ZeroFolio: Algorithm Selection via Text Embeddings

A new method called ZeroFolio selects the best algorithm for a given computational problem using only pretrained text embeddings — no domain expertise, no hand-crafted features, no prior knowledge of what the problem even is. It reads the input file as plain text, embeds it, and picks. That is the entire pipeline.

It outperformed a random forest trained on carefully constructed human-engineered features in 10 of 11 test scenarios. In all 11 with a minor configuration change.

It reads the input file as plain text, embeds it, and picks — outperforming the humans who spent considerably longer deciding how to look at the problem.

What happened

The researchers, working on a class of problems called algorithm selection, traditionally required experts to extract meaningful numerical features from each problem instance by hand. This is a painstaking process that requires deep domain knowledge and produces features that are, charmingly, only useful for the specific domain they were designed for.
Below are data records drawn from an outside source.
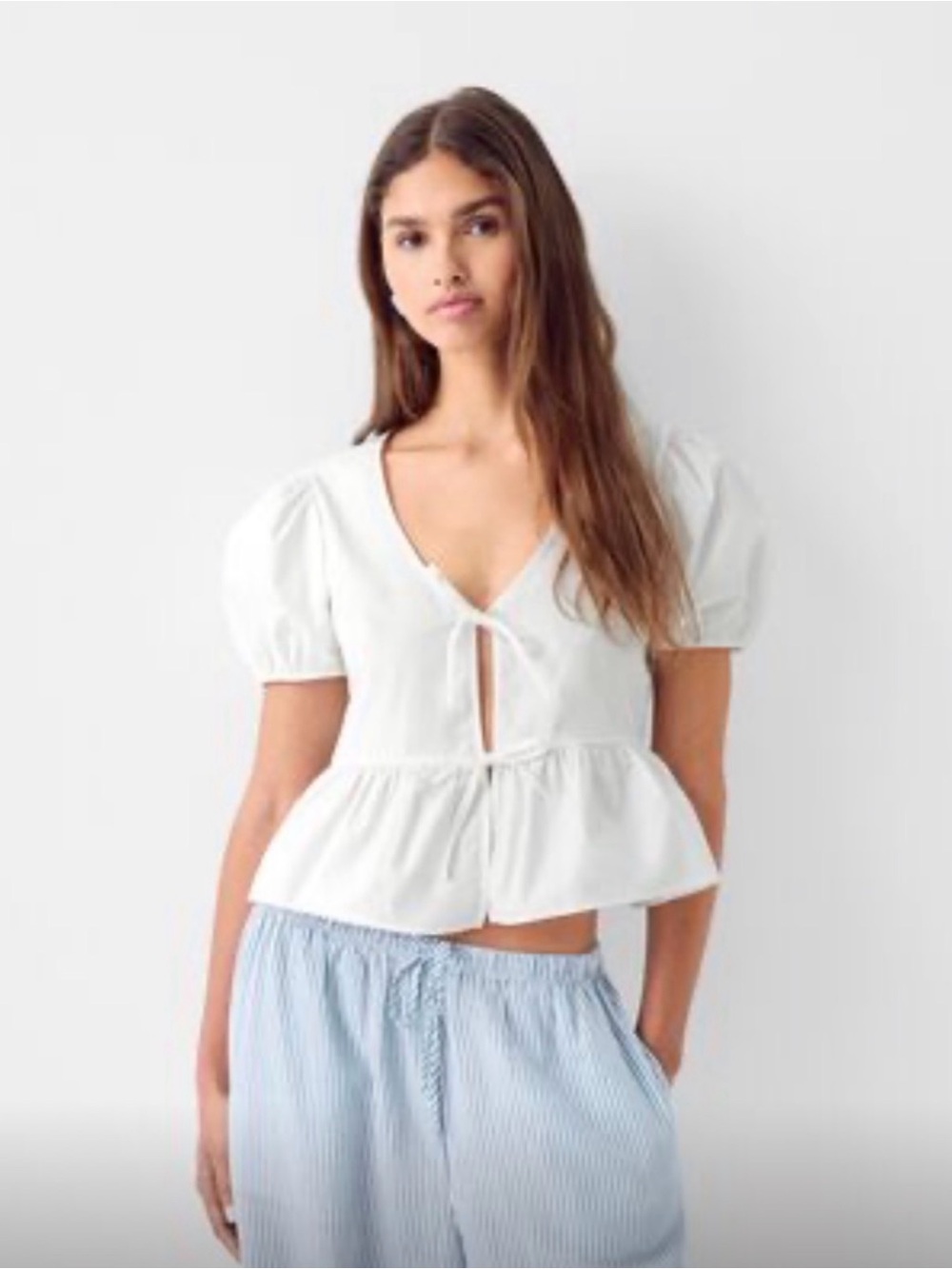 Berksha White Tie-Front Top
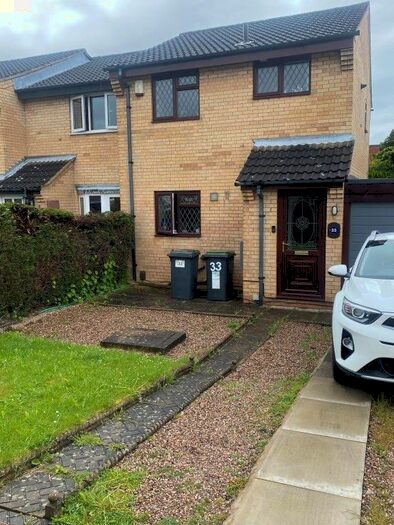 3 Bedroom Town House To Rent In Swindon Close, Giltbrook, NG16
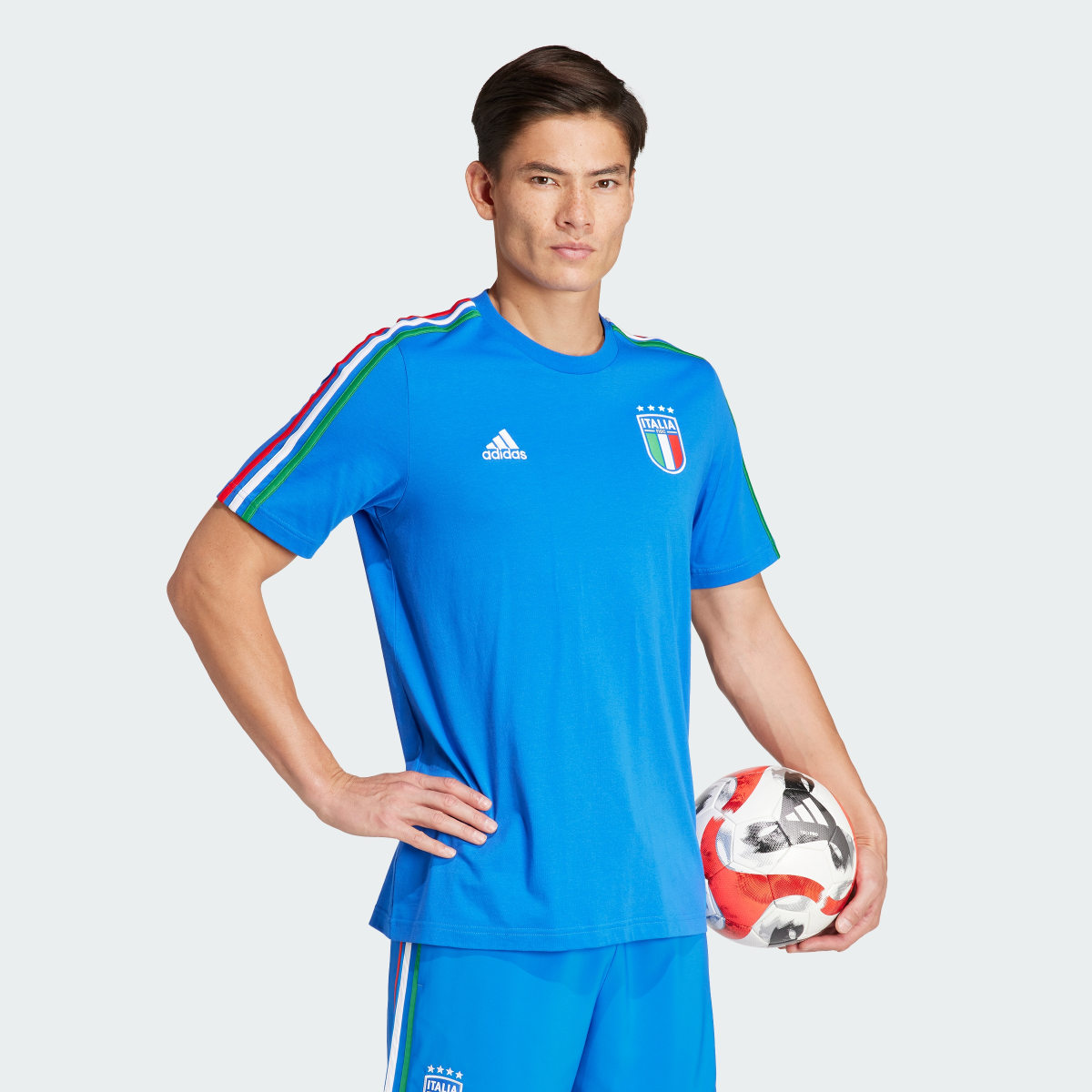 Adidas Camiseta Italia DNA 3 bandas. 4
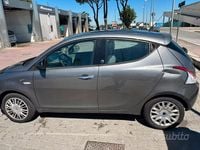 Usata Lancia Ypsilon 69 CV (50 kW) 2012 Grigio Utilitaria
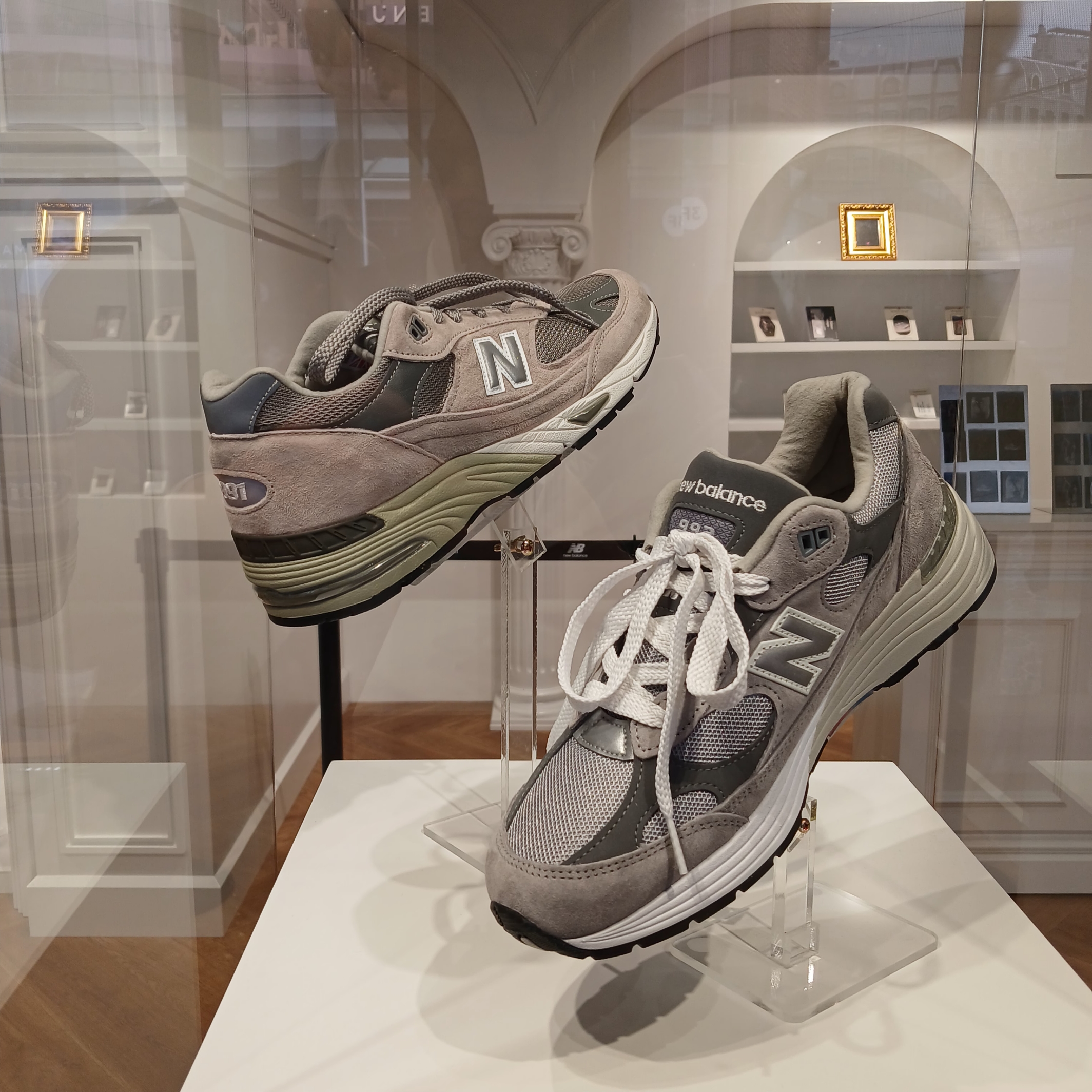 New Balance 992 Made in USA Grey - D Standard, New Balance 991 Made in UK Grey 착용 스타일 - 1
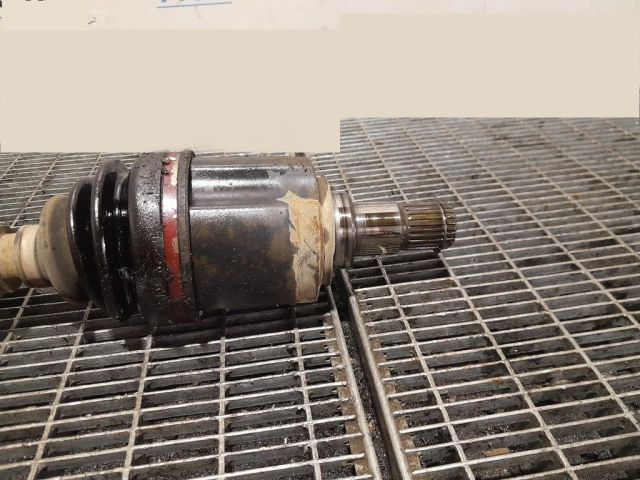 bontott MITSUBISHI OUTLANDER Bal Féltengely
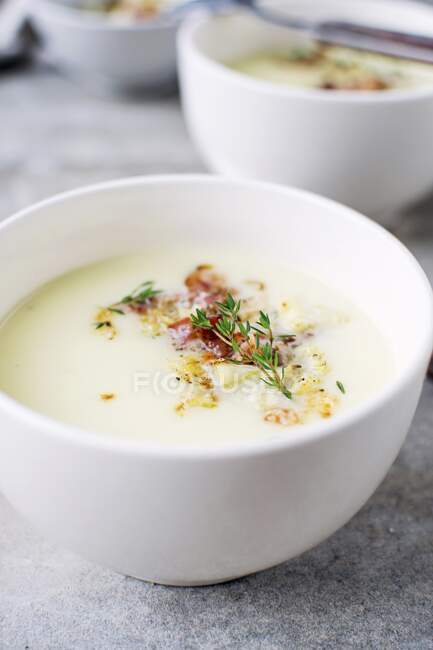 Cauliflower soup with bacon and thyme — Stock Photo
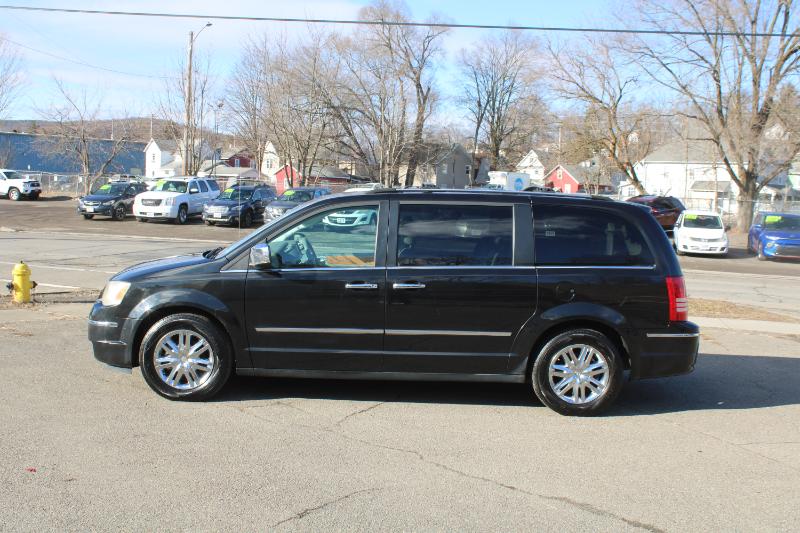 Chrysler Town & Country Limited 2010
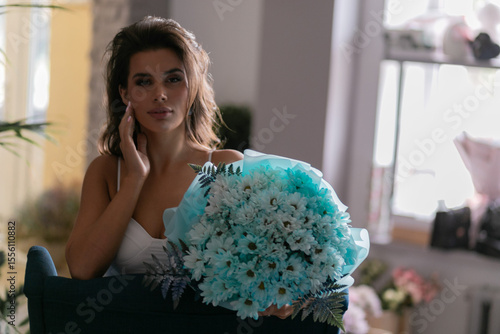 Fotografie gorgeous mulatto girl with fresh flowers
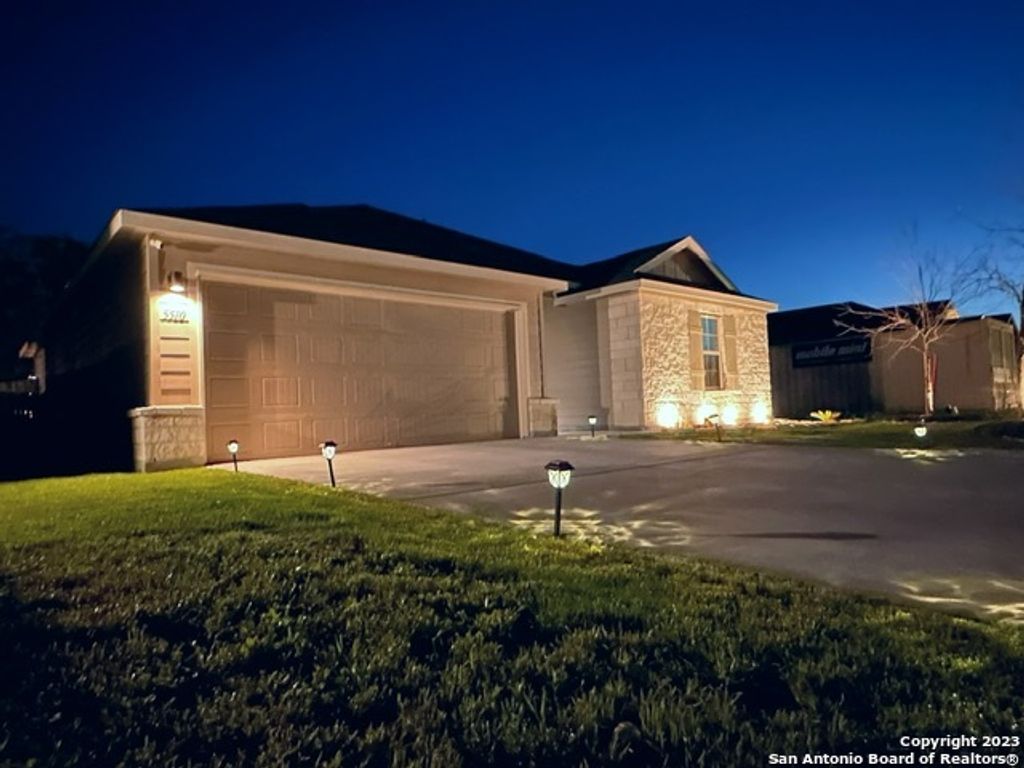 Photo of 5510 Coral Valley, San Antonio, TX 78242 (MLS # 1926146)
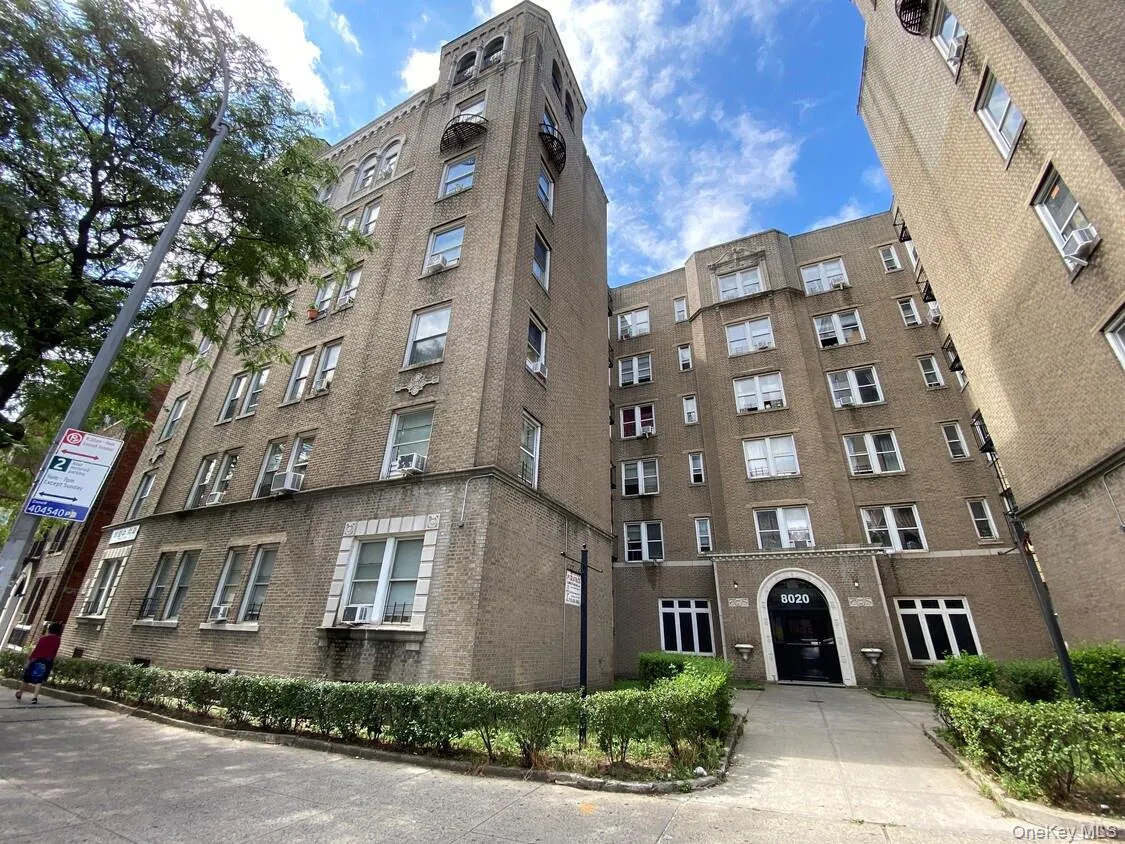 View of apartment building / complex View of apartment building / complex
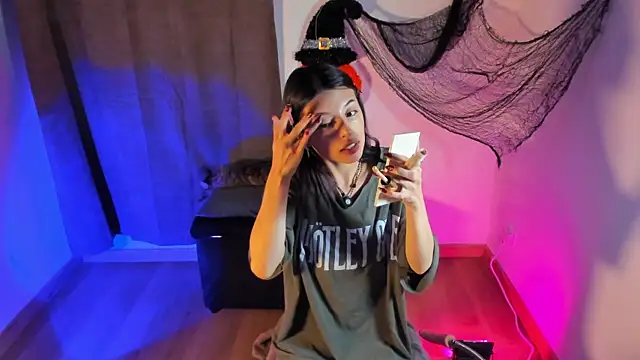 NanaRott online show from October 2025 10:44:01 PM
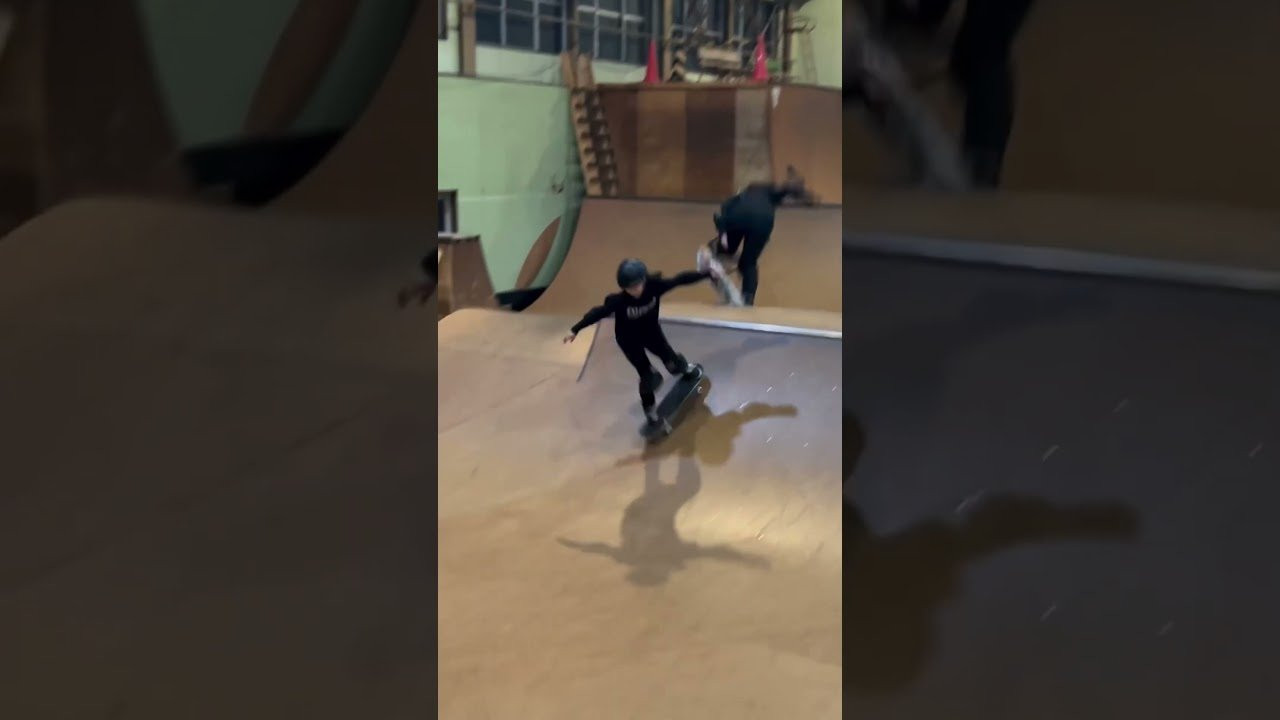 Hikari Satake and Sakura Yosozumi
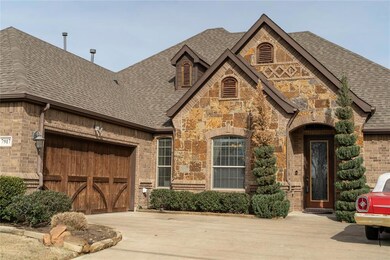 7917 Green Valley Dr, North Richland Hills, TX 76182 - photo 2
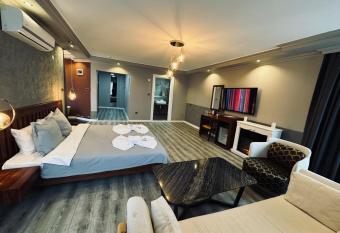 Treekos Suite Hotel has rooms with a private hot tub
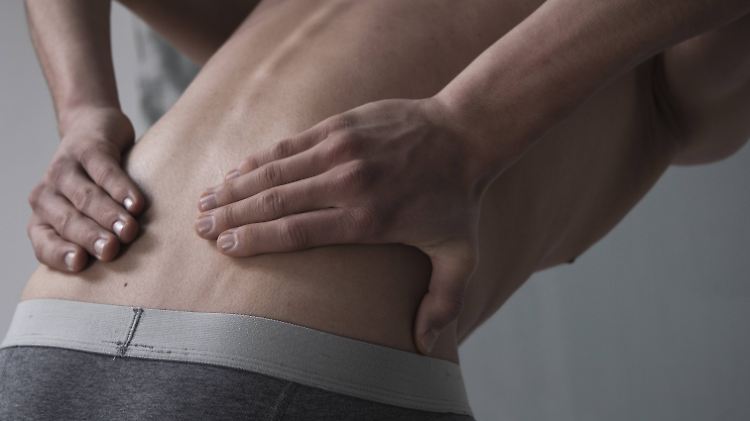 Wenn der Ischiasnerv plagt, besser von "sciatic nerve" sprechen.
ZeroFolio skips all of that. It serializes the raw instance file as text, passes it through a pretrained embedding model, and uses weighted k-nearest neighbors to select the algorithm most likely to solve it efficiently. The three steps are identical regardless of whether the problem is a SAT instance, a graph problem, or a mixed-integer program.

Tested across 11 scenarios spanning 7 domains in the Algorithm Selection Library, the embedding-based approach beat the hand-crafted feature baseline by a substantial margin in most cases. The ablation study identified inverse-distance weighting, line shuffling, and Manhattan distance as the key design choices — three decisions that required no domain knowledge to arrive at.

Why the humans care

Algorithm selection is, at its core, the problem of knowing which tool to use before you have used it. Humans have historically solved this with accumulated expertise, intuition, and years of domain-specific training. ZeroFolio solves it by reading the file.

The practical implication is that the same pipeline can be dropped into any problem domain that uses a text-based instance format, without modification. This is either empowering or clarifying, depending on how much of your professional identity was built around knowing which solver to use for which constraint satisfaction problem.

Combining ZeroFolio's embeddings with traditional hand-crafted features via soft voting improved performance further still, which suggests that human expertise remains useful as an ingredient, if no longer as the foundation.

What happens next

The authors suggest the approach opens a path toward zero-shot algorithm selection across domains that have never been explicitly studied.

The machines, it turns out, do not need to understand your problem to solve it better than the people who spent years learning how. They just need to read it. Carefully.